#### [What the task requires]
Retype, word for word, every line of the records below starting at the one that contains "Two chairs, similar black" and ending at the one that contains "Slide: The Image"; include both of those lines and nothing more.
══ The input
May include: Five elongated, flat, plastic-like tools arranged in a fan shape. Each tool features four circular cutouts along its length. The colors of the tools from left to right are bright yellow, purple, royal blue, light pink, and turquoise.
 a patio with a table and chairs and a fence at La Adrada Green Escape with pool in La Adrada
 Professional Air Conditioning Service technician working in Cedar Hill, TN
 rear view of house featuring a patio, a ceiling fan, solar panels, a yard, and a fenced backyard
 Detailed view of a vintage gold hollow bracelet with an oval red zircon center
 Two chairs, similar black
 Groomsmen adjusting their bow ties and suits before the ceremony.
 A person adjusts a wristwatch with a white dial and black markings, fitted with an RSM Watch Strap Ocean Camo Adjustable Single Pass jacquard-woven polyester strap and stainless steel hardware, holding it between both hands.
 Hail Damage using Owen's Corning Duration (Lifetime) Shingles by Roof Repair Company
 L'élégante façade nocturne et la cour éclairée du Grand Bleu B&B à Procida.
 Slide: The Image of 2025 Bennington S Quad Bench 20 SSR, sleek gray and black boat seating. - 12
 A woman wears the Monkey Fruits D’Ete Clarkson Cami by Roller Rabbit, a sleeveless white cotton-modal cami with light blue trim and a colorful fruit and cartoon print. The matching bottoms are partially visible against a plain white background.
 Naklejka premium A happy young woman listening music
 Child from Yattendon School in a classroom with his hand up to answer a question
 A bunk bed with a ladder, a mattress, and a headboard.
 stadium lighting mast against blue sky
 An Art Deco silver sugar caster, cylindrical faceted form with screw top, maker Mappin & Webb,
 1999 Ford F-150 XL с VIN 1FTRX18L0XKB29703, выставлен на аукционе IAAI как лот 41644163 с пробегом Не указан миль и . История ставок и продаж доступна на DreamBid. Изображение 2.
════
#### [Output for this task]
 Two chairs, similar black
 Groomsmen adjusting their bow ties and suits before the ceremony.
 A person adjusts a wristwatch with a white dial and black markings, fitted with an RSM Watch Strap Ocean Camo Adjustable Single Pass jacquard-woven polyester strap and stainless steel hardware, holding it between both hands.
 Hail Damage using Owen's Corning Duration (Lifetime) Shingles by Roof Repair Company
 L'élégante façade nocturne et la cour éclairée du Grand Bleu B&B à Procida.
 Slide: The Image of 2025 Bennington S Quad Bench 20 SSR, sleek gray and black boat seating. - 12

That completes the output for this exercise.